For me, part of it is that bash is used pretty ubiquitously as the configuration and scripting language of choice. Changing that to posix sh in one of the main config files would be a big shift.
Ah. For me Arch is much more than bash configs or scripts. They could all become POSIX compatible and I'd still see it as Arch. If Arch started to require python, or more I might start to see it differently - it would be harder to maintain a slimmer system.

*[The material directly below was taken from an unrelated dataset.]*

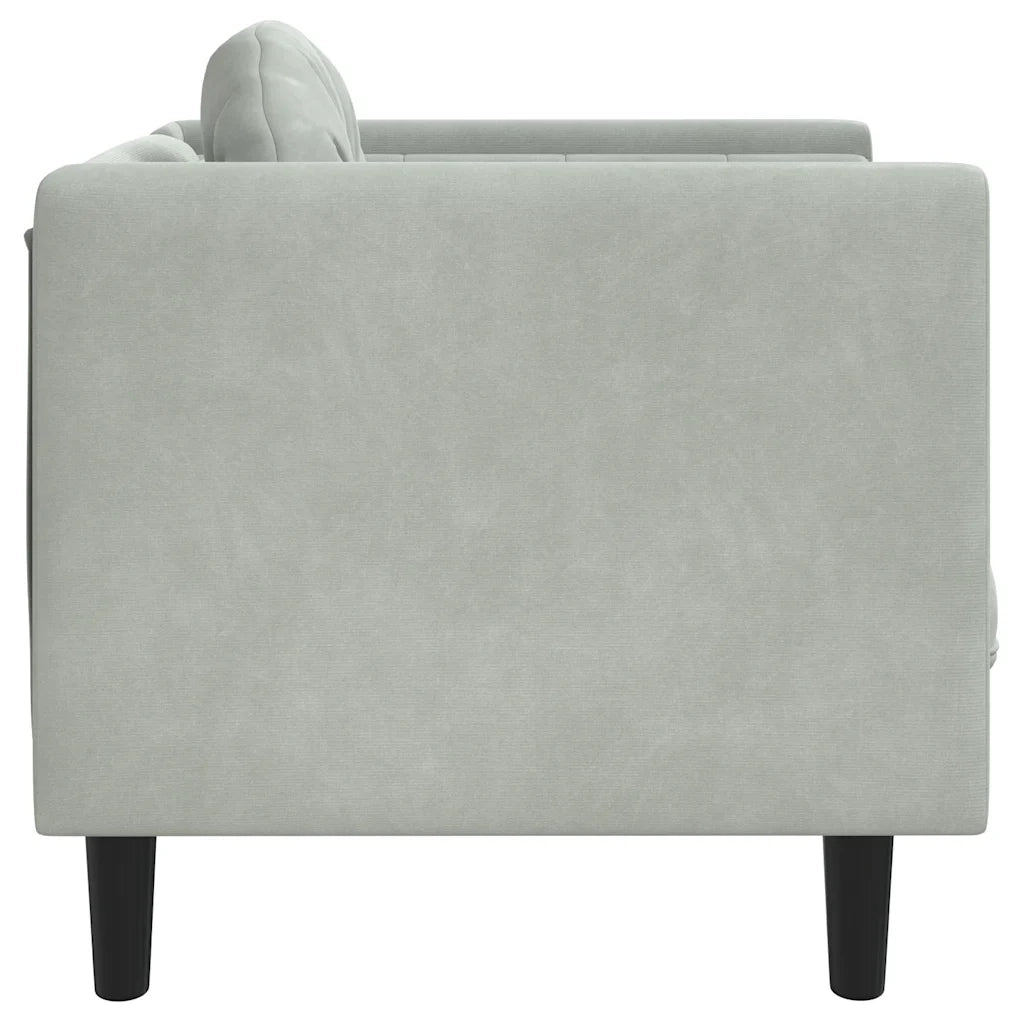 Divano Sedia-Poltrona con Cuscino Grigio Chiaro in Velluto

On Jun 28, 2010, at 7:42 AM, Caleb Cushing <xenoterracide@gmail.com> wrote:
On Sun, Jun 27, 2010 at 11:10 PM, Victor Lowther <victor.lowther@gmail.com> wrote:
Questions, comments, flames, etc. welcome.
why go this way instead of the other? (clarification why go deeper into bash instead of trying to posix-ify the scripts)
Because arrays and associative arrays are very useful, using native bash costructs instead of posix gives you a decent speed boost, and the main source of slowdowns in the boot sequence is I/O based -- mounting filesystems and launching programs. Serious boot speed optimization is a matter of optimizing I/O.
-- Caleb Cushing
On 06/28/10 09:35, Victor Lowther wrote:
On Jun 28, 2010, at 7:42 AM, Caleb Cushing <xenoterracide@gmail.com> wrote:
On Sun, Jun 27, 2010 at 11:10 PM, Victor Lowther <victor.lowther@gmail.com> wrote:
Questions, comments, flames, etc. welcome.
why go this way instead of the other? (clarification why go deeper into bash instead of trying to posix-ify the scripts)
...and the main source of slowdowns in the boot sequence is I/O based -- mounting filesystems and launching programs.
IIRC, Busybox shell can get notable speed boost by incorporating versions of tools like sed into the same busybox executable, such that it often doesn't have to fork and load other short-lived programs. (I believe it doesn't do bash-array-syntax.) -Isaac
On Mon, Jun 28, 2010 at 12:36 PM, Isaac Dupree <ml@isaac.cedarswampstudios.org> wrote:
IIRC, Busybox shell can get notable speed boost by incorporating versions of tools like sed into the same busybox executable, such that it often doesn't have to fork and load other short-lived programs.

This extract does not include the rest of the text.